* _Collected data_:
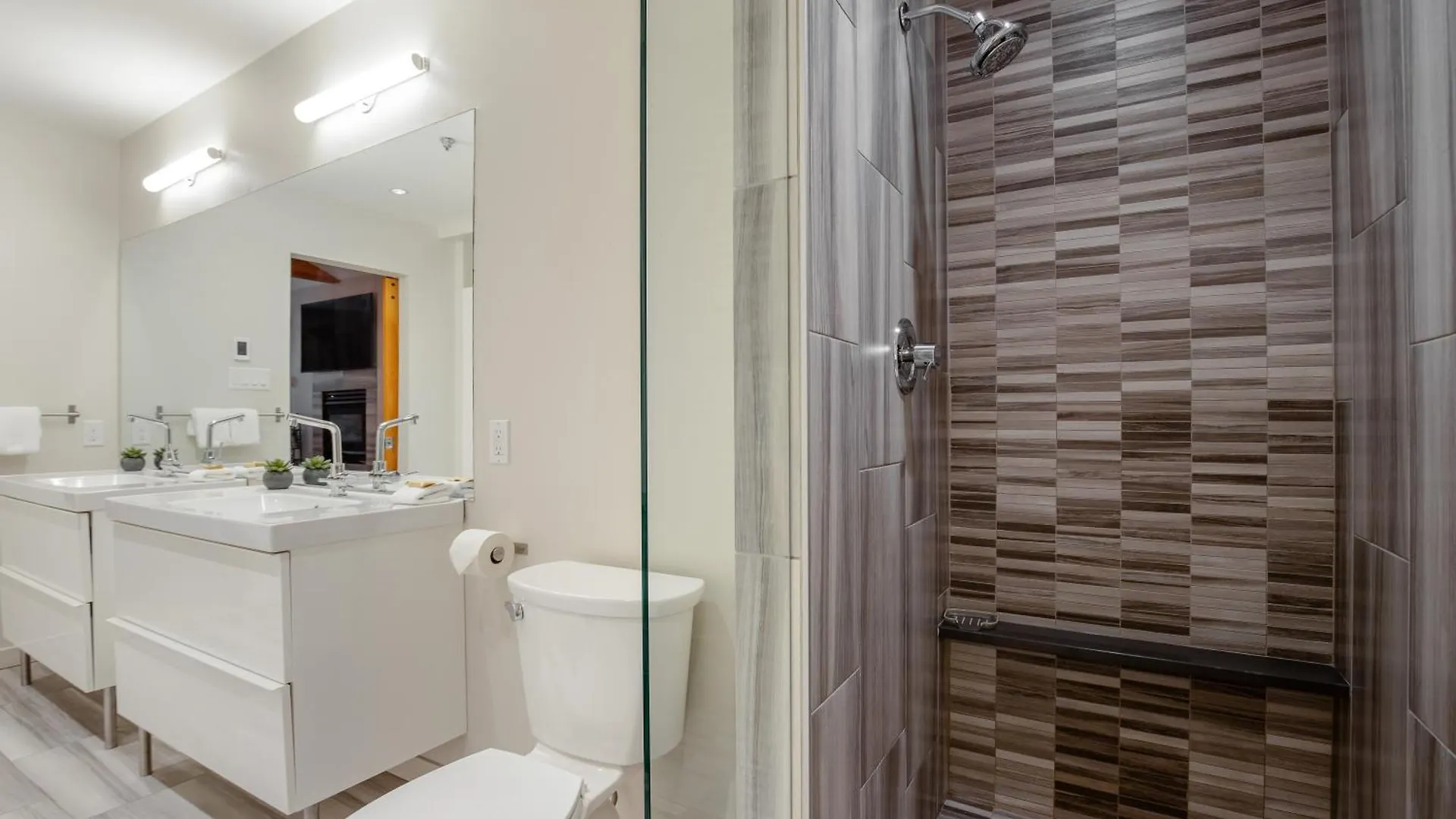 Luxury Mountain Retreat With Private Hot Tub By Harmony Whistler Villa Holiday home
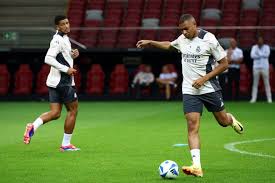 下两项令人 下两项令人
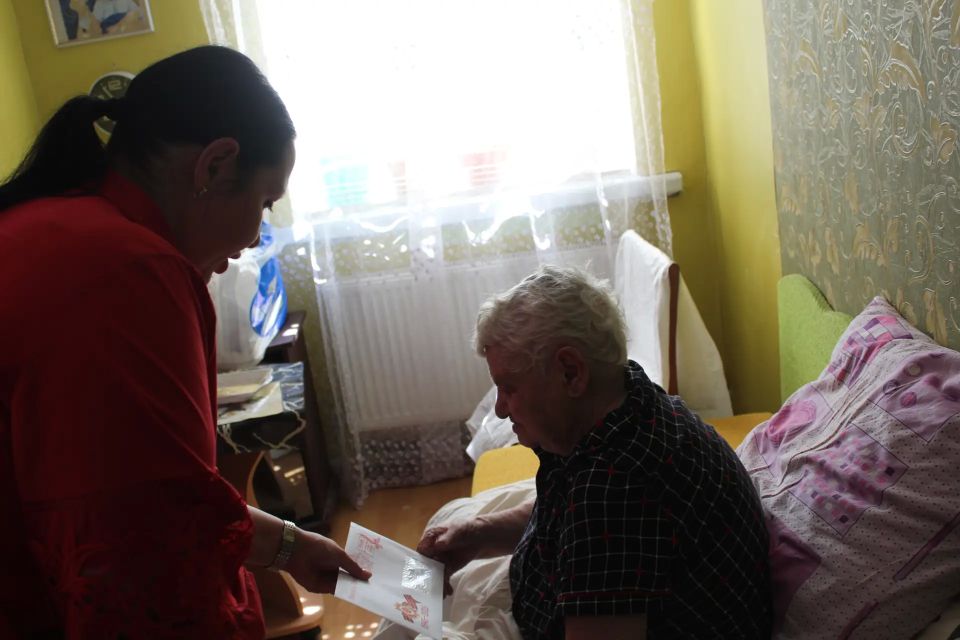 В Новопсковском округе поздравили ветеранов и тружеников тыла В Новопсковском округе поздравили ветеранов и тружеников тыла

* _Your objective_: All of the data is to be returned exactly, with no pictures included.

* _Solution_:
 Luxury Mountain Retreat With Private Hot Tub By Harmony Whistler Villa Holiday home
 下两项令人 下两项令人
 В Новопсковском округе поздравили ветеранов и тружеников тыла В Новопсковском округе поздравили ветеранов и тружеников тыла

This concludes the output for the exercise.